◆ Your instructions
None of the pictures should be copied, though every line of the listing must be printed exactly.
══ Provided data ══
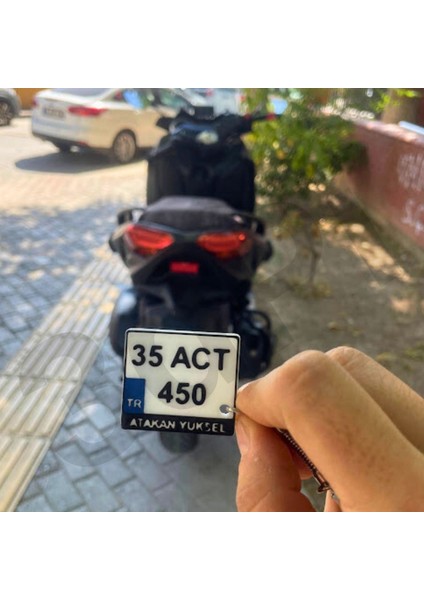 | Kişiselleştirilebilir Motor Plaka Anahtarlık | 2 Adet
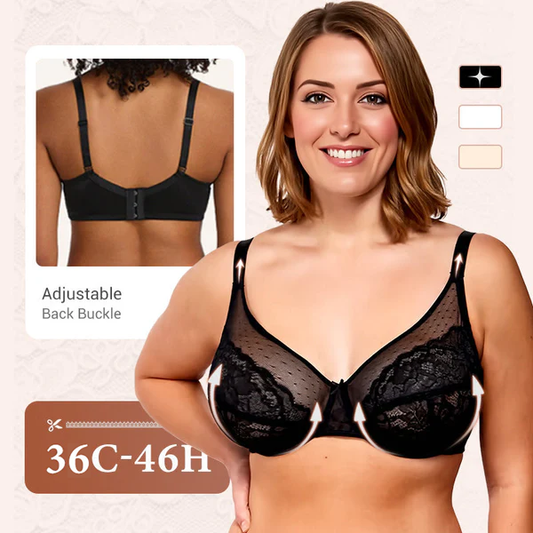 💖LAST DAY 50% OFF💖Plus Size Ultra-Comfort Breathable Full Coverage Lace Bra💐FREE SHIPPING TODAY ✈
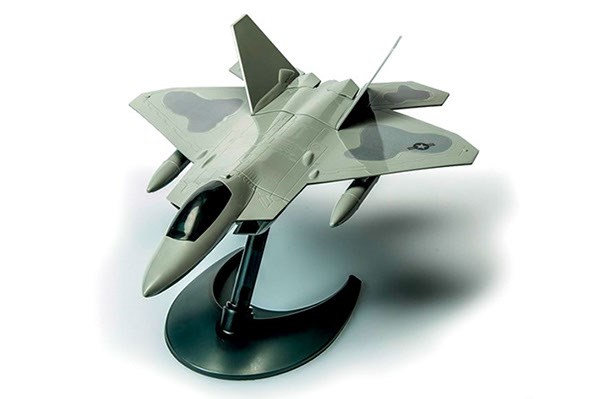Airfix QUICK BUILD F22 Raptor, Model af fly, Monteringssæt, F22 Raptor, Ethvert køn, Plast, 24 stk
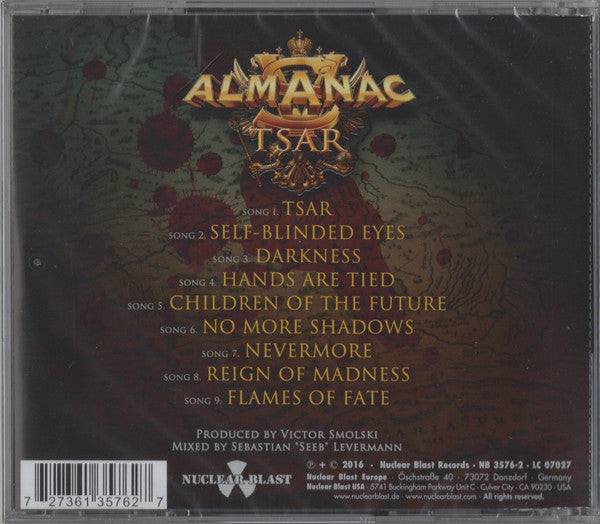 Almanac (3) : Tsar (CD, Album)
═══
◆ Completed exercise
 | Kişiselleştirilebilir Motor Plaka Anahtarlık | 2 Adet
 💖LAST DAY 50% OFF💖Plus Size Ultra-Comfort Breathable Full Coverage Lace Bra💐FREE SHIPPING TODAY ✈
Airfix QUICK BUILD F22 Raptor, Model af fly, Monteringssæt, F22 Raptor, Ethvert køn, Plast, 24 stk
 Almanac (3) : Tsar (CD, Album)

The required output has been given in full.